I purchased a Big Cat sawmill kit for $3800. This is just for the hardware (pulleys, bearings, rollers, cable, etc) and the frame for the saw head. Being I have access to materials and what I have on hand, it was a good way to go. Will take up to a 38" log. Had it for 3 years now, and getting back to getting it together. Had 2x6 tubing for the rails and a 4" solid axle to put under it. Been laid off, so now I finally have time to work on it after catching up on vehicle repairs. Couple of pics. Have a little more done. Bought a garden tractor at an auction for $190 with a 20hp Onan twin on it. Working on getting it running right now. Also trying to get the tubes lined up right for the carriage to go up and down on. Being I live on a farm, I don't consider it to be real expensive to cut, being I have saws, tractor to skid with, etc. At least I'll have lumber to put up a building and use for cabinets and such. View attachment 286627
View attachment 286628


----------



## Dave Boyt (Mar 25, 2013)

gemniii said:


> Stack and sticker lumber - half an hour
> WAIT 6 MONTHS
> Cut to size and use - up to 5 minutes per board



Granted, there is a LOT more to milling than just the mill. You can come out a little better if you go ahead and mill a few logs during the 6 months wait for the first boards to dry, though :msp_biggrin:. The Norwood has worked well for me.
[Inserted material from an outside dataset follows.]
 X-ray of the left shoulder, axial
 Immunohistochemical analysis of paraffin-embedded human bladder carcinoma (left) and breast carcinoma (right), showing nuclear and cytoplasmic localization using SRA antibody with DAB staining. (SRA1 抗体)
Question I have about the HF mill is why you'd want to buy a mill, knowing that you'll need to fix it before you even start cutting lumber? And even though I do just mill in my spare time for fun & profit, my spare time is very dear to me, and I'd like to push the mill through as much wood as I can during the short time that I do have. I hardly ever see a band saw mill on Craigs List, but this part of the country isn't as saturated with small sawmills as other areas are.


----------



## hunterbuild (Mar 26, 2013)

My HF was a fairly easy fix and for the money still a bargain. I done a lot a bf so far, no more problems.View attachment 286821
View attachment 286822


----------



## davistree (Apr 1, 2013)

*Mill*

I run a Norwood mill. It is a great unit. I have learened a lot over the years that I have owned it. Namely, like most equipment you ll buy- start small and test the water or go big? Other posts are right. The Norwood is surely not a production mill. It's a great mill for recreation or personal use. My family has built two large barns, tons of woodworking projects, and smaller rough cut projects. I am currently looking to increase the production and purchase a woodmizer lt40 mill and edger. Be warned, manual mills are time consuming and require a physical investment. If you don t mind the labor, it is very rewarding with every single board that comes off of the mill.


----------



## davistree (Apr 1, 2013)

*Mill*

I run a Norwood mill. It is a great unit. I have learened a lot over the years that I have owned it. Namely, like most equipment you ll buy- start small and test the water or go big? Other posts are right. The Norwood is surely not a production mill. It's a great mill for recreation or personal use. My family has built two large barns, tons of woodworking projects, and smaller rough cut projects. I am currently looking to increase the production and purchase a woodmizer lt40 mill and edger. Be warned, manual mills are time consuming and require a physical investment. If you don t mind the labor, it is very rewarding with every single board that comes off of the mill.


----------



## Dave Boyt (Apr 1, 2013)

Actually, the Norwood 34 has hydraulics that you can either buy with the mill or add on. And there is the new HD36. Bigger capacity is about all I know at this point. It just depends on what you want to do.